Work required >>
Below is a block of entries; repeat exactly the lines starting at the line that contains "1 Day Trip Lake Manyara National Park" and ending at the line that contains "a horse grazing", both included.

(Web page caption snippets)
---+---
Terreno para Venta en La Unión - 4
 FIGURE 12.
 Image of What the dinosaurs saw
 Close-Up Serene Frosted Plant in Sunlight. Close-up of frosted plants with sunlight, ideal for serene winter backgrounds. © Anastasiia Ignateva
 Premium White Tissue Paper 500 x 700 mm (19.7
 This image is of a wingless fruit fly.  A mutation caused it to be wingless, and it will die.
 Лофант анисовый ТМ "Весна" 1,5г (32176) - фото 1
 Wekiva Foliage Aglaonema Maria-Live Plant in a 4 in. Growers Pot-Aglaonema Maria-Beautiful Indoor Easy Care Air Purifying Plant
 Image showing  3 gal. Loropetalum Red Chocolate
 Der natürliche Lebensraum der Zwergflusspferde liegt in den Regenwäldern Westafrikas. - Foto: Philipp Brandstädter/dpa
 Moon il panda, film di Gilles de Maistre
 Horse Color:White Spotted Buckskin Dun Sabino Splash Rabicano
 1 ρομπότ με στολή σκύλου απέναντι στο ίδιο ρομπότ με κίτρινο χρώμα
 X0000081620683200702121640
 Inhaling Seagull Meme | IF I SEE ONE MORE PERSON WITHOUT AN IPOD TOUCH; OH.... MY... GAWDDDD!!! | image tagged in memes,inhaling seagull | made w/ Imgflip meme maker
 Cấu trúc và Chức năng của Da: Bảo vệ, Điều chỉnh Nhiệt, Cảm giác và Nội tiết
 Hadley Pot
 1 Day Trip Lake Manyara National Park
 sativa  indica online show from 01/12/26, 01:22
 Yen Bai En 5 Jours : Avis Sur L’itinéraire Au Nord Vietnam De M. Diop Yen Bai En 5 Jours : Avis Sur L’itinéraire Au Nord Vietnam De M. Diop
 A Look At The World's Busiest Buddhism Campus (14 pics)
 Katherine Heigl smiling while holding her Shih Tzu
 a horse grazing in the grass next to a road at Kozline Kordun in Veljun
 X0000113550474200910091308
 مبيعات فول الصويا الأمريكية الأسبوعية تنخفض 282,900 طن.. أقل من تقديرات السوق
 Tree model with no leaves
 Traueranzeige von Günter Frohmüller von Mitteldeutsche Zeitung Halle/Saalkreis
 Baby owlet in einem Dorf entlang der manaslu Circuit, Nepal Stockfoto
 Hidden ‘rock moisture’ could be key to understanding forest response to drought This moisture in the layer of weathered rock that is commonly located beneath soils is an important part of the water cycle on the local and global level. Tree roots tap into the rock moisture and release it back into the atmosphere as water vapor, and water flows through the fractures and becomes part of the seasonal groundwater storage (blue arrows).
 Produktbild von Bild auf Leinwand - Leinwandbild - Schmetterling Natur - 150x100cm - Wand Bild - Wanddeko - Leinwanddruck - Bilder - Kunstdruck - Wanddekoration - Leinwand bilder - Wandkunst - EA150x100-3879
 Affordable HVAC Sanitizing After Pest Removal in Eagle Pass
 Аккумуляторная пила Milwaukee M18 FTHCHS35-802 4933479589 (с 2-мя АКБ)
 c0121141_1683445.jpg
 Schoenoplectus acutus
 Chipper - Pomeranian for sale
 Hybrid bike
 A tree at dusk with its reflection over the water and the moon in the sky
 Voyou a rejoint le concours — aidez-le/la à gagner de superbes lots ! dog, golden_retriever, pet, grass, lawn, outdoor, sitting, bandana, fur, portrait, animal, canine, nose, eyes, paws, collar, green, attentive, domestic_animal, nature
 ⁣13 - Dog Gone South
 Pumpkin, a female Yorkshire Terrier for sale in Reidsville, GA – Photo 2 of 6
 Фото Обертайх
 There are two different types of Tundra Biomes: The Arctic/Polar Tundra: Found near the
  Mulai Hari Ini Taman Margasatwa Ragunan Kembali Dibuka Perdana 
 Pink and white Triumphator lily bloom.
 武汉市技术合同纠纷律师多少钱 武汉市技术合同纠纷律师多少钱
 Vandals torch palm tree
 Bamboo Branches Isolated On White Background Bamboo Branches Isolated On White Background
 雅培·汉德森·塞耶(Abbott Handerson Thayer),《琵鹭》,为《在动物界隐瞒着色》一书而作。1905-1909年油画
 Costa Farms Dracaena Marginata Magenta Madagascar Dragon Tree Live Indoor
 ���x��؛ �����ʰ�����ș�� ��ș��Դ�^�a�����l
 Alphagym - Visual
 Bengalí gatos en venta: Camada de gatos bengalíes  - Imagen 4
---+---
Answer for the task >>
 1 Day Trip Lake Manyara National Park
 sativa  indica online show from 01/12/26, 01:22
 Yen Bai En 5 Jours : Avis Sur L’itinéraire Au Nord Vietnam De M. Diop Yen Bai En 5 Jours : Avis Sur L’itinéraire Au Nord Vietnam De M. Diop
 A Look At The World's Busiest Buddhism Campus (14 pics)
 Katherine Heigl smiling while holding her Shih Tzu
 a horse grazing in the grass next to a road at Kozline Kordun in Veljun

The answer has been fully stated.